Figure 6: (a) Deformation failure processes; (b) stiffness degradation of two specimens provided by reference [38]; (c) deformation failure processes of two specimens provided by reference [38].

In order to investigate the effects of flexible connection on in-plane behaviors of infilled RC frame, a quasistatic experiment was performed by Zhou et al. [11]. Figure 7(a) shows the stiffness degradation of three specimens, one specimen is a rare frame, one is an infilled RC frame with rigid connection, and another one is an infilled RC frame with flexible connection; Figure 7(b) shows the deformation failure processes of above-mentioned specimens; Figure 8 shows the failure modes of above-mentioned specimens; and the following conclusions can be obtained. Firstly, the initial lateral stiffness of infilled RC frame with rigid connection is about 4.28 times that of bare frame, and the initial lateral stiffness of specimen with flexible connection is about 1.96 times that of bare frame. During the experimental process, the stiffness degradation processes of specimens with rigid connection and flexible connection are all faster than that of bare frame, but flexible connection can retard the stiffness degradation of frame structure. Secondly, for the specimen with rigid connection, the yield displacement and yield load are about 6.84 mm and 373.88 KN, respectively; for the specimen with flexible connection, the yield displacement and yield load are about 7.08 mm and 251.0 KN, respectively; and for the rare frame, the yield displacement and yield load are about 9.59 mm and 166.3 KN, respectively. Thirdly, the horizontal bearing capacity of specimen with rigid connection is 421.1 KN, about 1.48 times than that of bare frame (284.5 KN), and the horizontal bearing capacity of specimen with flexible connection is 331.2 KN, about 1.16 times that of the bare frame. According to the above analysis, although the effects of flexible connection on lateral stiffness and bearing capacity of frame structure are inferior to that of rigid connection, it can reduce the unfavorable interaction between infill wall and surrounding frame, retard the stiffness degradation, and effectively improve the seismic performance of frame structure.

Figure 7: (a) Stiffness degradation of two specimens provided by reference [11]; (b) deformation failure processes of three specimens provided by reference [11].
Figure 8: Final failure modes of three specimens provided by reference [11]: (a) bare frame; (b) infilled RC frame with rigid connection; (c) infilled RC frame with flexible connection.

3. Improved Equivalent Diagonal Strut Model

According to Section 2, there exist significant differences in effects of connection on in-plane behaviors of infilled RC frame. On this basis, based on discussing the action pattern of flexible connection, an improved equivalent diagonal strut model for simulating the in-plane behavior of infilled RC frame with flexible connection was proposed in this section.

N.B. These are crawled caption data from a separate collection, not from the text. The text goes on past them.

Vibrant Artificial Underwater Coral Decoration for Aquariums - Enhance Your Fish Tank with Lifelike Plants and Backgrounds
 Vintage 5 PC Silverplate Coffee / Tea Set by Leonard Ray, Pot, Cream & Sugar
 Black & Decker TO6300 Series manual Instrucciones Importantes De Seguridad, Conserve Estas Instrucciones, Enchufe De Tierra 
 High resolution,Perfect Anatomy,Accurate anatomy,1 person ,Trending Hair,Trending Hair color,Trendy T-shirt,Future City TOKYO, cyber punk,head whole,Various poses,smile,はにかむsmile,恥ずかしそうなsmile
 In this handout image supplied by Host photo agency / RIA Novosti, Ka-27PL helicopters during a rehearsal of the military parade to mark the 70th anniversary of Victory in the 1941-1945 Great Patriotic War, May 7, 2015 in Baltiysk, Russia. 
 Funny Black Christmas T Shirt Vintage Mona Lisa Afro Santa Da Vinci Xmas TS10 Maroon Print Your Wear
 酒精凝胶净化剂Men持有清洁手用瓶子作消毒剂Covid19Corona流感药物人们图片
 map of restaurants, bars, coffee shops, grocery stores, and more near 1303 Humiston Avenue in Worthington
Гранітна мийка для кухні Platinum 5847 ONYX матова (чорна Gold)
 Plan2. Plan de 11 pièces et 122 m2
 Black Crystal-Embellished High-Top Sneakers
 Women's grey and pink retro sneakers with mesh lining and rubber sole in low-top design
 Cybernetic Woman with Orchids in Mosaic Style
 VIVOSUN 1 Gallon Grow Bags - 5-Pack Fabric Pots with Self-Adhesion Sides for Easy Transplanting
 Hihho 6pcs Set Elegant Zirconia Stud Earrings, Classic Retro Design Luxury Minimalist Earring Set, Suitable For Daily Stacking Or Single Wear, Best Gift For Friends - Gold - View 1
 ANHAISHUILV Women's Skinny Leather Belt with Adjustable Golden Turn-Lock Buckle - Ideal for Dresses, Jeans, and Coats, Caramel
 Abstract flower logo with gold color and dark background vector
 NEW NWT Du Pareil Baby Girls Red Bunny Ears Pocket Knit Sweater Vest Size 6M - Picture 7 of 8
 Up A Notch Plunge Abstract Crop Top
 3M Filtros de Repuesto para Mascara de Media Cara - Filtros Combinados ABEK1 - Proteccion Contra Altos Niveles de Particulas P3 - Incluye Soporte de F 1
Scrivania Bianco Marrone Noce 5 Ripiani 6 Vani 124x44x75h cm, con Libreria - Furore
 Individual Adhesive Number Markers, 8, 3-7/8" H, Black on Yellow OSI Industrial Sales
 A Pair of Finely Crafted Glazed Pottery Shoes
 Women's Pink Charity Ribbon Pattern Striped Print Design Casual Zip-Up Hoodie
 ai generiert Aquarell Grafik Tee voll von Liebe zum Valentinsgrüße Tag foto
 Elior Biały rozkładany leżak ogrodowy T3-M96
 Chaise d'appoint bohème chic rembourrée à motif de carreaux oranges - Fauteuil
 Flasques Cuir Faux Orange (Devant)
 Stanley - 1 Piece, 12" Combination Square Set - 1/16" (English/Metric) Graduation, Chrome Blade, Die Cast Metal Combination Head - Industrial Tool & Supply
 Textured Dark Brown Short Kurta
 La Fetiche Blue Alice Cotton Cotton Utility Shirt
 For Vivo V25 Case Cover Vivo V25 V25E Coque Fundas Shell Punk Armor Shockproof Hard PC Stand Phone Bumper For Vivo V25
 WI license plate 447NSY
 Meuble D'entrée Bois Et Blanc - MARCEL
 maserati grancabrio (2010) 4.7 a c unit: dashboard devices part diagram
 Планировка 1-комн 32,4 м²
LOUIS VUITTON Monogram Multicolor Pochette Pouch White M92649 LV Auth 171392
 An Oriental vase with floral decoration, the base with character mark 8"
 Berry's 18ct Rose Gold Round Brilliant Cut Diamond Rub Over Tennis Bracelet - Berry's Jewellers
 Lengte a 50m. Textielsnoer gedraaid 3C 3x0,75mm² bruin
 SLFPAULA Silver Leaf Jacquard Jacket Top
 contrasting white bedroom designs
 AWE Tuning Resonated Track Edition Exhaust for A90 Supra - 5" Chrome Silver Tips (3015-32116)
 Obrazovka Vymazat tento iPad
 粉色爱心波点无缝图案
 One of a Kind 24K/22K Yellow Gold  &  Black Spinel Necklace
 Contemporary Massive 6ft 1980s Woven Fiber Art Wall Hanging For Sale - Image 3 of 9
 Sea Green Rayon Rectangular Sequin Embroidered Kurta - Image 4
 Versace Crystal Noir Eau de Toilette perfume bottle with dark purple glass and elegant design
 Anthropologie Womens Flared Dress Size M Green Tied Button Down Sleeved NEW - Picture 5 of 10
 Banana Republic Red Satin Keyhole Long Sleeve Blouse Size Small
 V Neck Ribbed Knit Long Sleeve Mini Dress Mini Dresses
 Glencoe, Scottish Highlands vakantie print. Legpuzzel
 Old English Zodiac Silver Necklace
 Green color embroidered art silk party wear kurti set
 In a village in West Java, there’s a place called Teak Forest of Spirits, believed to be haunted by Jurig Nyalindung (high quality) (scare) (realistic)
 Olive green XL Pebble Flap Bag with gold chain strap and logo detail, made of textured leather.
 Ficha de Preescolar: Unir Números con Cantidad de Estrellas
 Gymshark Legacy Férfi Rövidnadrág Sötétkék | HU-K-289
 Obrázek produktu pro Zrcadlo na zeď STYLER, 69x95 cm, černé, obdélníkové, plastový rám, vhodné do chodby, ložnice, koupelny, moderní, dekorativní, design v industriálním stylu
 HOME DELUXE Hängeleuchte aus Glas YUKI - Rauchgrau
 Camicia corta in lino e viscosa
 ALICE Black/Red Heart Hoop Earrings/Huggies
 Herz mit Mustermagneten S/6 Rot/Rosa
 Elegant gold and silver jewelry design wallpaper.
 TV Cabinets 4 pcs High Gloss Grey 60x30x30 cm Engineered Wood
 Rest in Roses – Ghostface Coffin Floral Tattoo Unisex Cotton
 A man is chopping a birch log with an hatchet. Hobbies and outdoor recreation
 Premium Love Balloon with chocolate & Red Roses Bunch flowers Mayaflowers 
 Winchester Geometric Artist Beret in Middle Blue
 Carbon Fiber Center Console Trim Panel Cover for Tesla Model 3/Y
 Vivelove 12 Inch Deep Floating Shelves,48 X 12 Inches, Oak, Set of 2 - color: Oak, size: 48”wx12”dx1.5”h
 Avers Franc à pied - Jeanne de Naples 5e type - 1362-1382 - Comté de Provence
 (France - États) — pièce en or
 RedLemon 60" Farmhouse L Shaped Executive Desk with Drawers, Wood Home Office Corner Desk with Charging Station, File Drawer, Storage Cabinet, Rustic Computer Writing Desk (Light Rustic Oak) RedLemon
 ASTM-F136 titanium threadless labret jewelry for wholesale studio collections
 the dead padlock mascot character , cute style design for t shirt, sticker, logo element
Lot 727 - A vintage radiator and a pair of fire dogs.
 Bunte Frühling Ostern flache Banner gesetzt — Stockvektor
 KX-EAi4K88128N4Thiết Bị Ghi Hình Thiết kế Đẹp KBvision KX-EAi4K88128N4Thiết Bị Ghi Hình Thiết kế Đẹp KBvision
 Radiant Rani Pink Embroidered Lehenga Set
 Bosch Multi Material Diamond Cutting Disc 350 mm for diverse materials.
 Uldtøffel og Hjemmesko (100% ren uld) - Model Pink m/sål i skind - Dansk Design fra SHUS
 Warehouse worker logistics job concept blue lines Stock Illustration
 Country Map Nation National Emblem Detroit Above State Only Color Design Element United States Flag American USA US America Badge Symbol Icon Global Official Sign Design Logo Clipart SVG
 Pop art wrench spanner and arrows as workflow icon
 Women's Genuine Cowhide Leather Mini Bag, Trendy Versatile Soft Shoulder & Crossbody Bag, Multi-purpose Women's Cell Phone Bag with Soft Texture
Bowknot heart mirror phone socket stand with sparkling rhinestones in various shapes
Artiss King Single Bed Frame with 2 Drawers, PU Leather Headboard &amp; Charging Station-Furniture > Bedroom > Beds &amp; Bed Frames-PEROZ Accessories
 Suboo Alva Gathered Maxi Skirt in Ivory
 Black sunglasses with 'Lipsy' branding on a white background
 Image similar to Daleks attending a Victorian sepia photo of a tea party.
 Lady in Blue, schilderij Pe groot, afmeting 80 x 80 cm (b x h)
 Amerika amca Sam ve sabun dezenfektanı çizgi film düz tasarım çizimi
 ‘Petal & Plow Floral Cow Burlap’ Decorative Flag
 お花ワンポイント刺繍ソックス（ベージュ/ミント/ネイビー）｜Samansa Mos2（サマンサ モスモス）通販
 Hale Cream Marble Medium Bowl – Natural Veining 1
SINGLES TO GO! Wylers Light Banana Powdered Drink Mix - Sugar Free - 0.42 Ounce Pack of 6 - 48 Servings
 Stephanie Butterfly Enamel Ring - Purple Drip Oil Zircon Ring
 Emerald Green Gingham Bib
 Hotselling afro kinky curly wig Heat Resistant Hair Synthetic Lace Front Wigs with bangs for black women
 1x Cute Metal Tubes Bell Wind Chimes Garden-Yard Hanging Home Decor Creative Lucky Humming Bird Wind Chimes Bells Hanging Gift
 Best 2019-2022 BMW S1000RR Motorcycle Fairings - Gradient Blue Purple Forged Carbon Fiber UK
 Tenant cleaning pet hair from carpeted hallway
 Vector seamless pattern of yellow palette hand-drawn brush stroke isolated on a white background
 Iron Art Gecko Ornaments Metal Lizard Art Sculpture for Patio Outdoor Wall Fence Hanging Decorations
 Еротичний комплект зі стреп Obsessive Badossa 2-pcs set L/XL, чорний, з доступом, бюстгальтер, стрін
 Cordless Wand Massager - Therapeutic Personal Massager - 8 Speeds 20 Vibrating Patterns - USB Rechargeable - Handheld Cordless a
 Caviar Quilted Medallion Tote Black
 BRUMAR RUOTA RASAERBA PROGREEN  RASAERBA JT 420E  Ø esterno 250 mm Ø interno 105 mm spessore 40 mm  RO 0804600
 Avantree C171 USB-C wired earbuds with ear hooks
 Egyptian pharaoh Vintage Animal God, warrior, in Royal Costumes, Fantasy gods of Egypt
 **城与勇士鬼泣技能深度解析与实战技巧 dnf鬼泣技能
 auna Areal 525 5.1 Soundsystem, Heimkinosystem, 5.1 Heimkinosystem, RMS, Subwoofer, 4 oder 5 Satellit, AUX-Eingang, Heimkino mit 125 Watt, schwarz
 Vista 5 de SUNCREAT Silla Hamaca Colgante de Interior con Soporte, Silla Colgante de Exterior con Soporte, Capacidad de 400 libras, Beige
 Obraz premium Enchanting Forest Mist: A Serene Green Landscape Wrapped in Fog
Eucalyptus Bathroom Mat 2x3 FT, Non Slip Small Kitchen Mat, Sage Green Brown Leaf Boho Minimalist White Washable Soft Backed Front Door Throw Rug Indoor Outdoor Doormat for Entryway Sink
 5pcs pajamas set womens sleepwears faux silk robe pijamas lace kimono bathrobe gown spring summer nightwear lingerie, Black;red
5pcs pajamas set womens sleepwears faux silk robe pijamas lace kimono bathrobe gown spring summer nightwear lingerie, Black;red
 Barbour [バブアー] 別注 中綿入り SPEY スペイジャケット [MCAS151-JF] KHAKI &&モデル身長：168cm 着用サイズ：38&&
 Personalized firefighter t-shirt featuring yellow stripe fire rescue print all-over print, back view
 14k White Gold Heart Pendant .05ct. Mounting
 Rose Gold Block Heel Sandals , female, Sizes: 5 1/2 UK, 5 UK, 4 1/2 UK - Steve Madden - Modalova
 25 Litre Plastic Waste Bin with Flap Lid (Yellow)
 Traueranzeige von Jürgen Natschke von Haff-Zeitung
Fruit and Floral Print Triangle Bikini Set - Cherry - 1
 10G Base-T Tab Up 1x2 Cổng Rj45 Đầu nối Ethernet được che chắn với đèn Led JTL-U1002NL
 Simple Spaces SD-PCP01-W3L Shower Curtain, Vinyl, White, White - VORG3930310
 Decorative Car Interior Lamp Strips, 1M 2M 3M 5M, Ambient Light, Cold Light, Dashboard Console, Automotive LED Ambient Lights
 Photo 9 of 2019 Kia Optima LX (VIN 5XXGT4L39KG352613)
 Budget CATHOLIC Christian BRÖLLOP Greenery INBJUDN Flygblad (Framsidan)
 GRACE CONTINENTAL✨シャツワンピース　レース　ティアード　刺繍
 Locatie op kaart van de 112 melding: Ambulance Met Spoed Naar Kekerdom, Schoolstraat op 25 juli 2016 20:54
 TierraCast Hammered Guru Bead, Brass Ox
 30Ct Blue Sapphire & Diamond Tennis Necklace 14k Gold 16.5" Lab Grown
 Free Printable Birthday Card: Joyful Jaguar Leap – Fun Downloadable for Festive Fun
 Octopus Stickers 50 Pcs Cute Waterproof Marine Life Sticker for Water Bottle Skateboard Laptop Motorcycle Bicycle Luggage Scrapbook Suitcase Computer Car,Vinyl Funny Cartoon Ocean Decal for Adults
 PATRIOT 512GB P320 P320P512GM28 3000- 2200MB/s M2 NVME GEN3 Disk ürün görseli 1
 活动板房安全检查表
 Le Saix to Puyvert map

3.1. Action Pattern of Flexible Connection

The infilled RC frame with flexible connection is one kind of new structure types, so there are great differences between the action pattern of flexible connection and that of rigid connection. Generally speaking, the action pattern of rigid connection can be characterized by contact model, as shown in Figure 9(a). Specifically, in normal direction, if contact pressure is less than or equal to 0, two contact surfaces will separate from each other, and if contact pressure is greater than 0, load will transfer between infill wall and surrounding frame. For flexible connection, the preset crack between infill wall and surrounding frame is filled with vibration-absorptive materials, so its action pattern is much more complicated than that of rigid connection. Based on deeply studying the properties of vibration-absorptive materials [39, 40], the compression behavior of filling material can be characterized by the Kelvin model [41, 42] and the tensile behavior of filling material can be characterized by failure element model [42], as shown in Figure 9(b). Therefore, if the microfinite element analysis approach is adopted, the behavior of flexible connection can be accurately simulated. For macrofinite element analysis approach, some simplifications must be adopted.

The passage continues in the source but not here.